Accordingly, we performed a systematic review and meta-analysis of the published and unpublished literature with the primary objective of examining the impact of tele-ICU coverage on ICU and in-hospital mortality. Our secondary objective was to evaluate the impact of these systems on ICU and in-hospital length of stay (LOS). We also examined key hospital, ICU, and patient factors that may mitigate or enhance the effectiveness of tele-ICU coverage. Finally, we lay out key gaps in the existing knowledge and directions for future research.
We conducted a systematic literature review in accordance with published guidelines.21,22 We identified studies of hospital inpatients that (1) evaluated the effect of tele-ICU coverage, (2) performed comparisons between a control and an intervention group, and (3) provided quantitative data on at least 1 of the primary outcomes (ICU or in-hospital mortality) in this review. Secondary outcomes were ICU and hospital LOS.
For the purposes of the review, we defined tele-ICU coverage as the application of telemedicine to hospital critical care units; this included any telecommunication system installed in the ICU to facilitate real-time access to critical care specialists (eg, intensivists or critical care nurses) located elsewhere.23- 26 This definition covers a variety of tele-ICU models ranging from exclusively reactive systems, where tele-ICU staff was available via telephone on an as-needed consultative basis,27 to the more commonly used proactive systems, where patients were continuously monitored in real time via videoconferencing, telemetry, and access to the electronic medical record.28,29
With the assistance of a trained medical research librarian, we searched for relevant studies published from January 1, 1950, through September 30, 2010, using PubMed, CINAHL (Cumulative Index to Nursing and Allied Health Literature), Global Health, Web of Science, and the Cochrane Library. The search was not limited to English-language articles and used keywords and Medical Subject Heading terms with a Boolean search strategy (appendix A; available from the authors by request). The initial search yielded 721 articles (Figure 1).

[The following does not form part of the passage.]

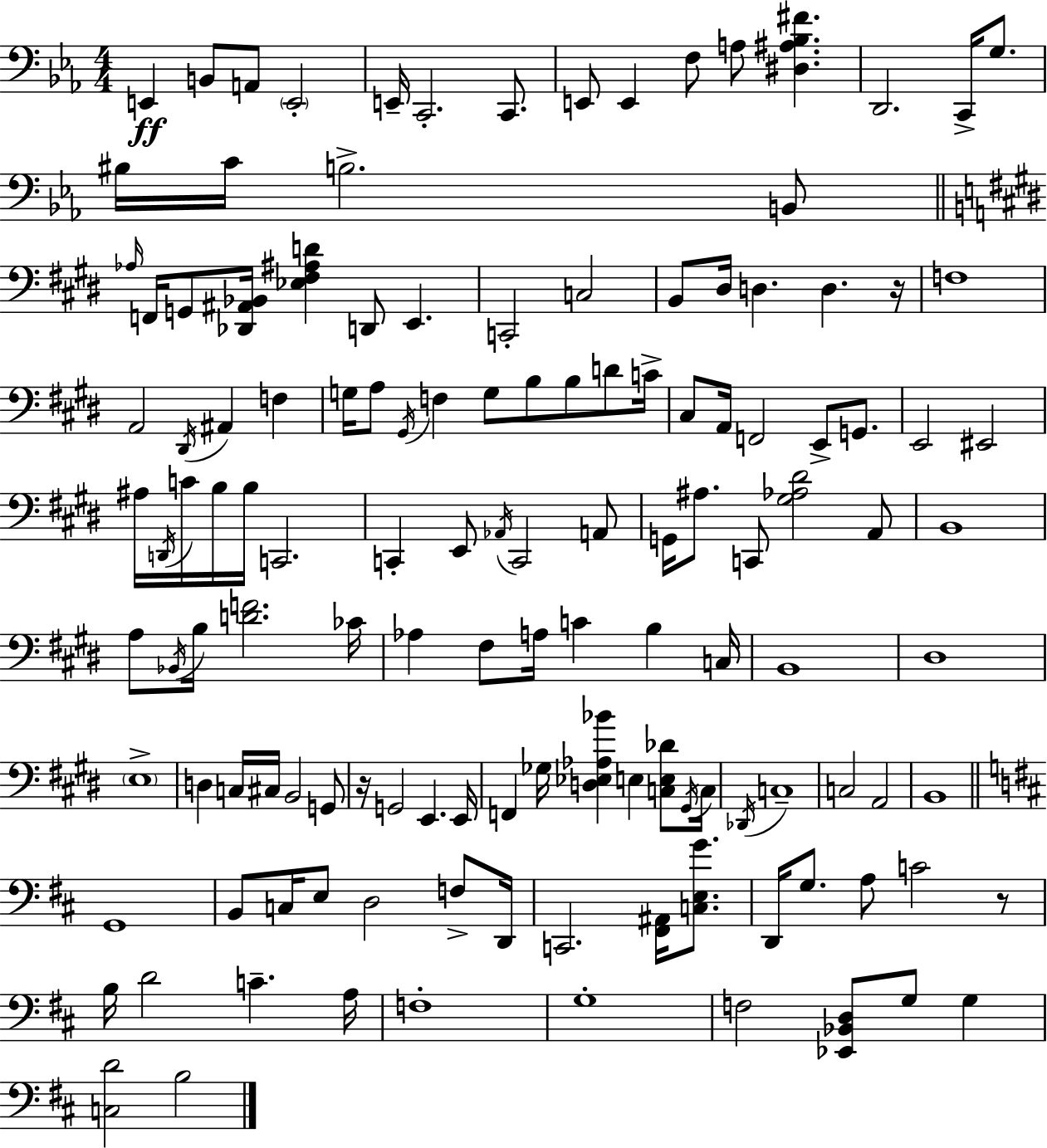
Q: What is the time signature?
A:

To identify unpublished studies,21,30 we conducted a keyword search of abstracts and presentations from relevant major scientific conferences from 2006 through 2010. In particular, we reviewed abstracts from the annual meetings of the American College of Cardiology, American College of Chest Physicians, American College of Emergency Physicians, American Telemedicine Association, American Thoracic Society, International Society for Pharmacoeconomics and Outcomes Research, and Society of Critical Care Medicine. The keyword search yielded an additional 2683 abstracts and presentations that were potentially relevant to our study.
Removal of duplicate reports resulted in the identification of 3133 unique studies of potential relevance. The titles and abstracts of each study were independently reviewed and assessed for eligibility by 2 of us (L.B.Y. and P.M.C.). We eliminated 2957 studies that did not pertain to tele-ICU coverage as defined for our purposes or did not report original research (eg, case reports and commentaries).

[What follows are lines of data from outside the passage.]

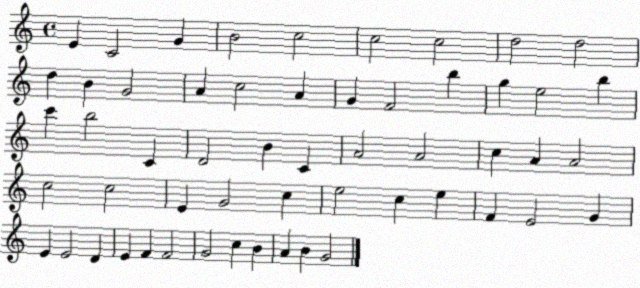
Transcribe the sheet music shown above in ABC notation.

X:1
T:Untitled
M:4/4
L:1/4
K:C
E C2 G B2 c2 c2 c2 d2 d2 d B G2 A c2 A G F2 b g e2 b c' b2 C D2 B C A2 A2 c A A2 c2 c2 E G2 c e2 c e F E2 G E E2 D E F F2 G2 c B A B G2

The remaining 176 studies (59 articles and 117 abstracts) were considered potentially eligible and reviewed in full. Studies were included if (1) they evaluated tele-ICU coverage, (2) they reported ICU or in-hospital mortality in a manner that allowed us to abstract the number of deaths and number of patients at risk for death, and (3) they provided mortality data for an ICU under tele-ICU coverage and for a control ICU. Controls could be similar ICUs concurrently lacking tele-ICU coverage or the same ICU before tele-ICU implementation. Disagreement about inclusion was resolved by discussion between the reviewers. In cases of multiple articles that appeared to present overlapping data from the same patient populations,27,31- 40 we contacted the study authors and included data from the most comprehensive article while excluding the duplicate study. For 12 studies with incomplete data (eg, missing details on ICU characteristics or LOS data), we contacted the authors on at least 3 occasions during a 3-week period to request additional data. Authors of 9 studies27,29,32,37,40- 44provided supplemental data sufficient for study inclusion, 1 was unable to share his data,45 and 1 did not respond.46 Ultimately, 13 studies that met the inclusion criteria were included in this analysis.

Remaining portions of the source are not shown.